2.2.6: Eject CRA

Learning Objectives

  1. Create React App (CRA) simplifies our development environment to help us learn React

  2. Ejecting CRA allows us to customise tools in our development environment such as Webpack, Babel and ESLint

  3. Rocket recommends sticking with CRA's default setup for as long as possible until we have no choice but to eject


Create React App (CRA) bundles relatively complex frontend tools into a simple package to make it easier for us to learn React. When our apps get complex enough and require more custom configuration, we can "eject" our CRA apps to generate a collection of config files for CRA's dependencies, including Webpack, Babel and ESLint. We can then edit those config files to customise our development environment.

Read Create React App's official docs on ejecting CRA.

Rocket discourages us from ejecting our CRA apps because the CRA configuration should work for our use cases at Rocket, and the ejected CRA configuration is relatively complex.

However, it is helpful to know what CRA does under the hood to compile our React apps into static files that our browsers can render, and we will explore the key technologies below.


Webpack is a module bundler that converts 1 or more files in an app into a minimal "bundle" of files with minimal size that can be efficiently distributed to and read by browsers. In addition to compressing our files, Webpack is also configurable to translate (aka compile, transpile) our potentially more modern but less-supported code syntax (e.g. JSX and SASS) into languages that are more widely-supported by browsers, i.e. vanilla HTML, CSS and JS.

Webpack is often used together with tools such as Babel and SASS Loader that compile latest versions of JavaScript and CSS respectively into more widely-supported versions. CRA uses both Babel and SASS Loader with Webpack to compile JSX and SASS into vanilla HTML, CSS and JS.


Babel is a JavaScript compiler that compiles the latest versions of JavaScript (and JSX) into versions more widely-supported by browsers. This is helpful for developers that prefer to code in the latest syntax but still want their code to work for most people. Babel works with a wide range of build systems and frameworks; Webpack is one of the most common.


ESLint is a JavaScript linter that enables us to detect syntax errors and standardise code formatting and style in our JS and JSX files. Developers often use ESLint in their IDEs like we do with VS Code, but ESLint can also be used with tools such as Webpack and Git to prevent building or committing when ESLint detects errors. CRA uses ESLint with Webpack to prevent builds when ESLint detects errors in our JS or JSX files.

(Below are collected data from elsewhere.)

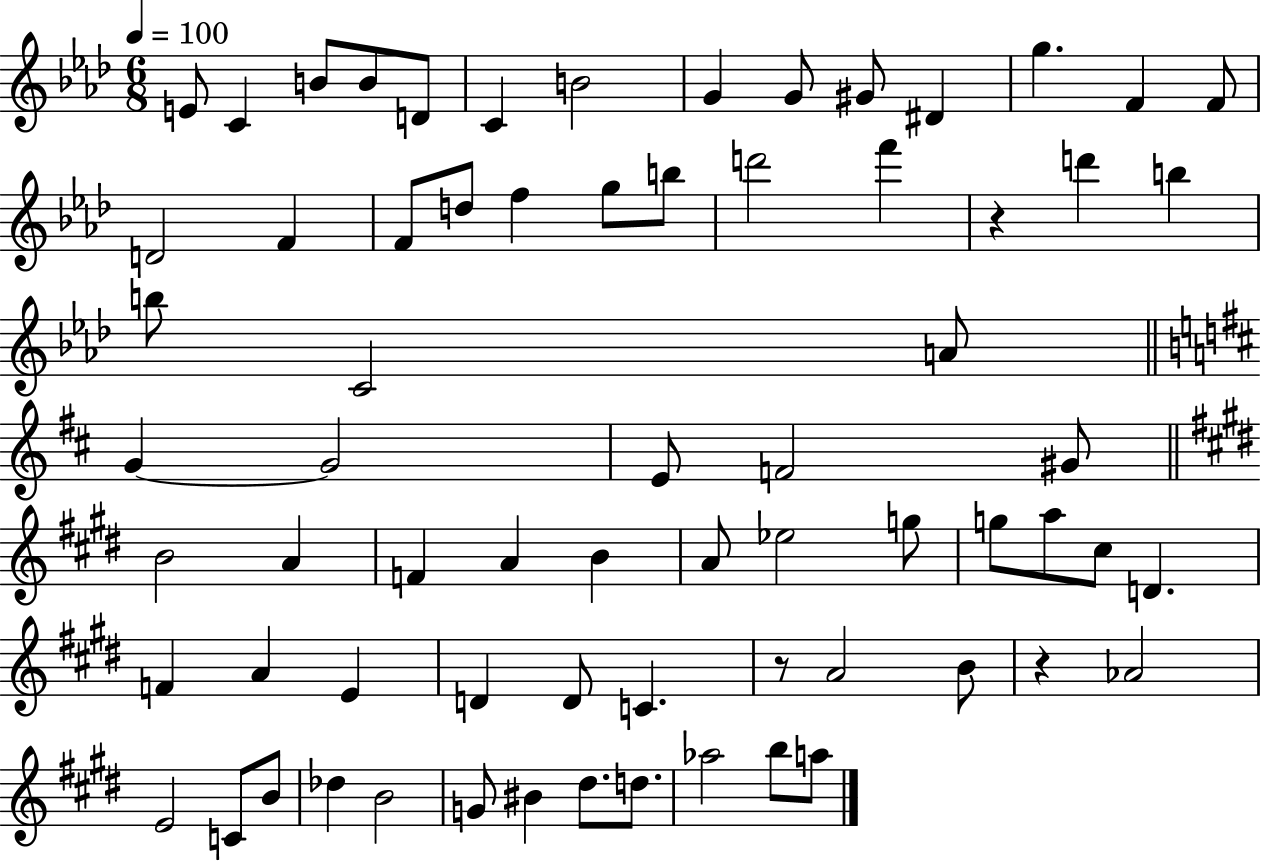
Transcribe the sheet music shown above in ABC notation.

X:1
T:Untitled
M:6/8
L:1/4
K:Ab
E/2 C B/2 B/2 D/2 C B2 G G/2 ^G/2 ^D g F F/2 D2 F F/2 d/2 f g/2 b/2 d'2 f' z d' b b/2 C2 A/2 G G2 E/2 F2 ^G/2 B2 A F A B A/2 _e2 g/2 g/2 a/2 ^c/2 D F A E D D/2 C z/2 A2 B/2 z _A2 E2 C/2 B/2 _d B2 G/2 ^B ^d/2 d/2 _a2 b/2 a/2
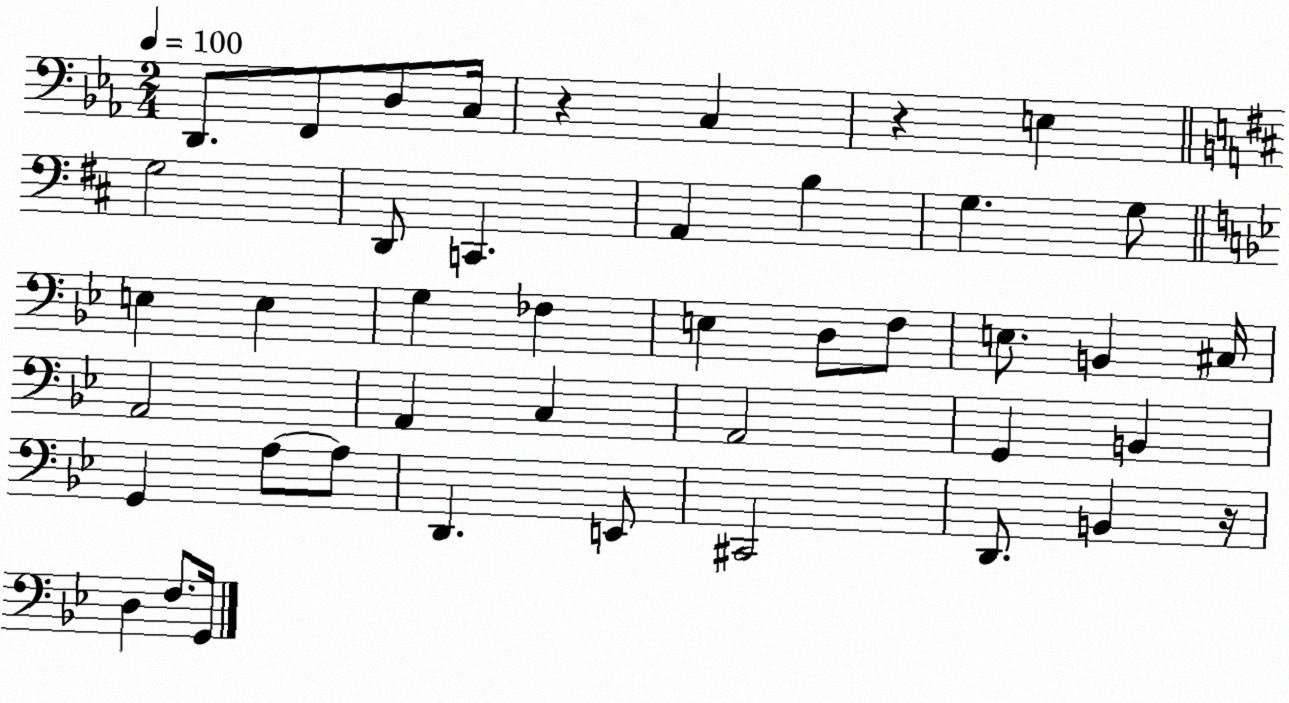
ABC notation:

X:1
T:Untitled
M:2/4
L:1/4
K:Eb
D,,/2 F,,/2 D,/2 C,/4 z C, z E, G,2 D,,/2 C,, A,, B, G, G,/2 E, E, G, _F, E, D,/2 F,/2 E,/2 B,, ^C,/4 A,,2 A,, C, A,,2 G,, B,, G,, A,/2 A,/2 D,, E,,/2 ^C,,2 D,,/2 B,, z/4 D, F,/2 G,,/4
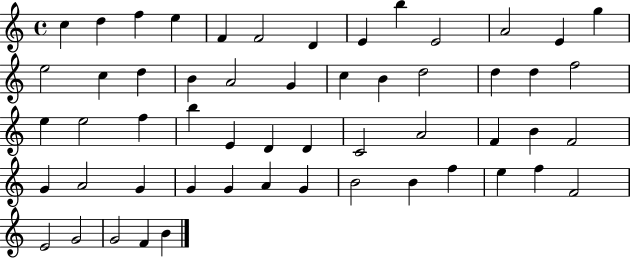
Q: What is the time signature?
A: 4/4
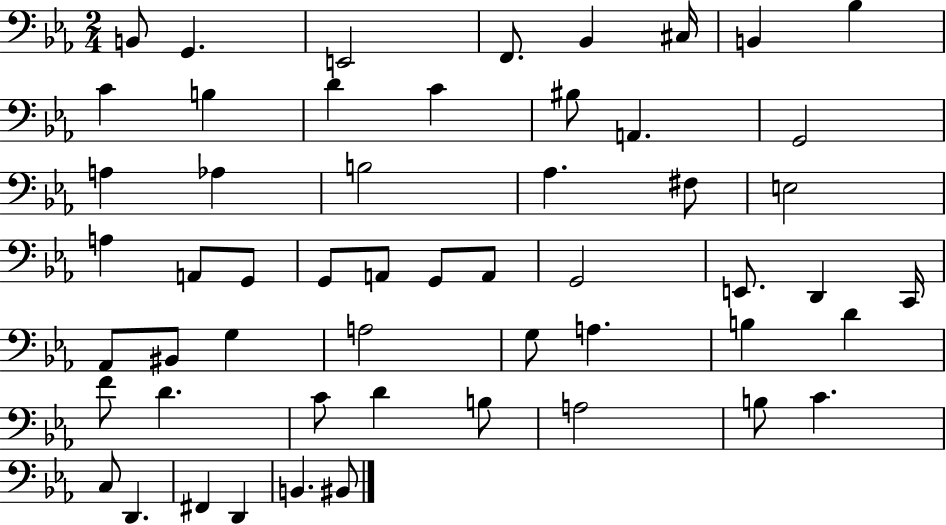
B2/e G2/q. E2/h F2/e. Bb2/q C#3/s B2/q Bb3/q C4/q B3/q D4/q C4/q BIS3/e A2/q. G2/h A3/q Ab3/q B3/h Ab3/q. F#3/e E3/h A3/q A2/e G2/e G2/e A2/e G2/e A2/e G2/h E2/e. D2/q C2/s Ab2/e BIS2/e G3/q A3/h G3/e A3/q. B3/q D4/q F4/e D4/q. C4/e D4/q B3/e A3/h B3/e C4/q. C3/e D2/q. F#2/q D2/q B2/q. BIS2/e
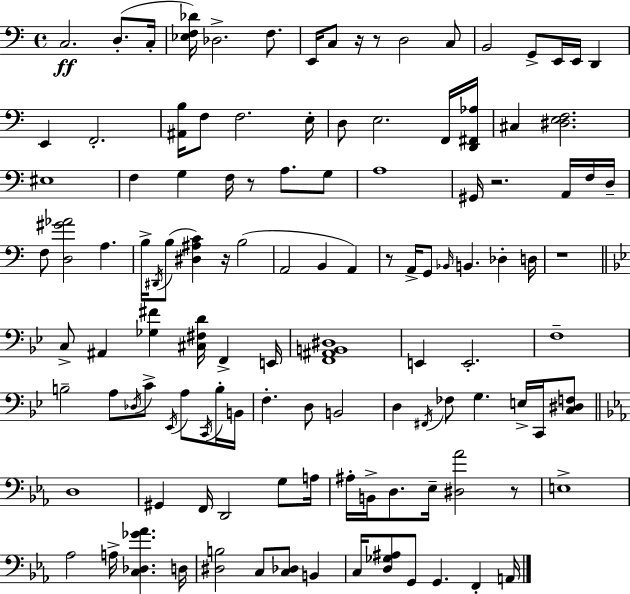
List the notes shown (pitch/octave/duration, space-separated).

C3/h. D3/e. C3/s [Eb3,F3,Db4]/s Db3/h. F3/e. E2/s C3/e R/s R/e D3/h C3/e B2/h G2/e E2/s E2/s D2/q E2/q F2/h. [A#2,B3]/s F3/e F3/h. E3/s D3/e E3/h. F2/s [D2,F#2,Ab3]/s C#3/q [D#3,E3,F3]/h. EIS3/w F3/q G3/q F3/s R/e A3/e. G3/e A3/w G#2/s R/h. A2/s F3/s D3/s F3/e [D3,G#4,Ab4]/h A3/q. B3/s D#2/s B3/e [D#3,A#3,C4]/q R/s B3/h A2/h B2/q A2/q R/e A2/s G2/e Bb2/s B2/q. Db3/q D3/s R/w C3/e A#2/q [Gb3,F#4]/q [C#3,F#3,D4]/s F2/q E2/s [F2,A#2,B2,D#3]/w E2/q E2/h. F3/w B3/h A3/e Db3/s C4/e Eb2/s A3/e C2/s B3/s B2/s F3/q. D3/e B2/h D3/q F#2/s FES3/e G3/q. E3/s C2/s [C3,D#3,F3]/e D3/w G#2/q F2/s D2/h G3/e A3/s A#3/s B2/s D3/e. Eb3/s [D#3,Ab4]/h R/e E3/w Ab3/h A3/s [C3,Db3,Gb4,Ab4]/q. D3/s [D#3,B3]/h C3/e [C3,Db3]/e B2/q C3/s [D3,Gb3,A#3]/e G2/e G2/q. F2/q A2/s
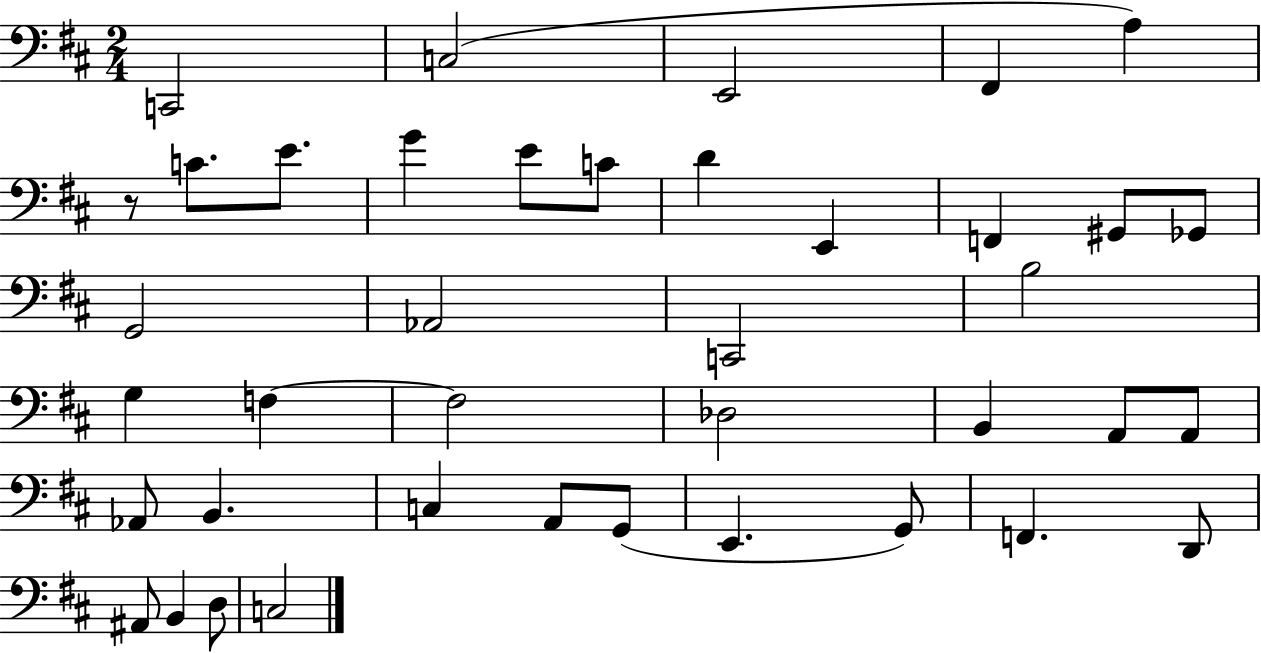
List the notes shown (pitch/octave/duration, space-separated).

C2/h C3/h E2/h F#2/q A3/q R/e C4/e. E4/e. G4/q E4/e C4/e D4/q E2/q F2/q G#2/e Gb2/e G2/h Ab2/h C2/h B3/h G3/q F3/q F3/h Db3/h B2/q A2/e A2/e Ab2/e B2/q. C3/q A2/e G2/e E2/q. G2/e F2/q. D2/e A#2/e B2/q D3/e C3/h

We will not eject CRA for any projects at Rocket (except your capstone if you like pain), but it could be helpful for us to see what configurations are like in an ejected CRA app that contains all of CRA's under-hood configurations.

  1. Notice this is the same base CRA repo Rocket uses for our exercises and projects, except with an eject script in package.json that is built-in to CRA that Rocket removed in our CRA template but have added back to this repo for this exercise.

  2. Run npm run eject in the root of the cloned Eject CRA repo, and enter y to confirm

  3. Notice the configuration files in config folder and scripts in scripts folder. CRA has been using those configurations and scripts to run our apps.

  4. Open config/webpack.config.js. This is the config file that specifies everything Webpack does to compile and bundle our files for browsers.

    1. Notice where it mentions babel. This is where Babel compiles our JS and JSX into browser-readable code.

    2. Notice where it mentions sass. This is where SASS Loader compiles SASS to CSS.

  5. Open scripts/start.js. This script runs every time we run npm start. It launches a "Webpack dev server" that runs Webpack every time we change a file that our app depends on and restarts our app. scripts/build.js does something similar except without the file watching and dev server functionality to run our app locally, watch and restart on file changes.

This is a large amount of configuration and scripting that we avoided by using CRA. If we were to build a React app from scratch, we would likely build something simpler than CRA did, but it likely would not have all the conveniences that CRA provides us out of the box. Thank you CRA team for making our lives easier!